He concludes, "Instead of trying to make people comfortable in the toilet 
bowl, give them a hand to try to get them out of the toilet bowl, and help 
them get into recovery and fixed up and on their way to a healthy life."

This Time, Sweden Got It Right

THE experience of easy-going European countries with tolerant drugs laws is 
often advanced by Canadian harm-reduction proponents as evidence to support 
their call for this country to adopt a laissez-faire approach to drugs. 
However, facts made public at the IDEAS conference paint another picture of 
the European experience.

Swiss physician Ernst Aeschbach said the "drug-friendly environment" 
adopted by his country's government has backfired. "There has been a 
general increase of prevalence of all kinds of drugs," he said. "The 
increase in drug-related deaths shows a close relation to the existence of 
open drug scenes in Zurich." As harm-reduction measures facilitated drug 
consumption, drug addicts were deprived of their motivation to quit. "This 
was a violation of basic principles of addiction treatment," Dr. Aeschbach 
charged. Other speakers said the same facts apply to the Netherlands.

The government of Sweden, on the other hand, has adopted a successful 
zero-tolerance approach to drugs. Anti-drug laws that carry stiff penalties 
are enforced by the police and judiciary. The country considers no drug to 
be "soft." The result, according to a paper presented at the symposium, is 
that Sweden has "an unusually small proportion of heroin abusers."

It is the sort of approach that David Griffin, executive officer of the 
Canadian Police Association, would like to see implemented in Canada. He 
told the symposium that current Canadian anti-drug practices are 
inadequate. "Perceived tolerance by community leaders is sending 
conflicting and confusing messages to our young people," he charged. 
"Accurate information educating parents and young people about the harms 
associated with drug use is critical to prevention."

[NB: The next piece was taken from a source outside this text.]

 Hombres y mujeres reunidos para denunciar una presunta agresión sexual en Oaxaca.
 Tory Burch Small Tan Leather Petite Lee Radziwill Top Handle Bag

Mr. Griffin also said Canada is not "losing the war on drugs" (as so often 
contended by harm-reduction advocates) because, in fact, there is no war on 
drugs in this country. "Our policies lack coordination and consistency and 
focus disproportionate attention on the hard-core drug user." He called on 
governments to develop a national strategy, backed by role models and 
community leaders, to fight drug use, cut demand and supply, and provide 
treatment and rehabilitation. "We should be focused on demand reduction," 
he stated, "not harm reduction."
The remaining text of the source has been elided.